Putin’s Most Fateful Words Not about Ukraine but about ‘Traitors’ inside Russia, Babchenko Says

March 19, 2014
Arkady Babchenko in Tskhinvali, South Ossetia, 2008

Staunton, March 19 – Not surprisingly, many in Russia and the West have focused on Vladimir Putin’s comments about Crimea, Russian military journalist Arkady Babchenko says. But most important words in the Kremlin leader’s remarks are his references to a “certain fifth column” and “various kinds of national traitors.”

In a blog post on Ekho Moskvy today, Babchenko says that such words in the mouth of the Russian president can be extended by him to “all those who work in independent media or did before these were closed,” “who didn’t want war,” “who did not want a flood of caskets containing their children,” “who are for free elections,” and “who are against corruption and thievery.

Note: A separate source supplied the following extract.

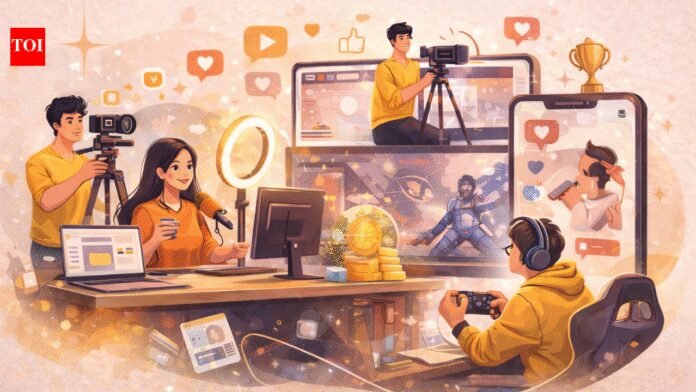 Orange is the new gold: How India’s influencer economy turned visibility into value | India News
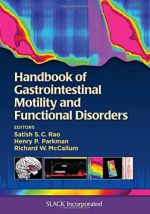 handbook of gastrointestinal motility and functional disorders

In short, the journalist says, this category includes “all those, to be banal, who are for freedom”

For Putin, “all [of those in these categories] are national traitors,” Babchenko continues. By expressing this view in the way that he has, Putin has chosen that he has chosen “the vector of domestic policy” and that “very little time remains” until mass repressions begin.” Putin and his regime “simply have no other way.”

“From that moment when the father of the peoples from the tribune pronounces the words ‘enemies of the people,’ out of all the future possible variants of the country, only one remains – to the camps. This is a one-way street,” a street that includes purges, pogroms, war, then civil war, and after it, disintegration ad collapse.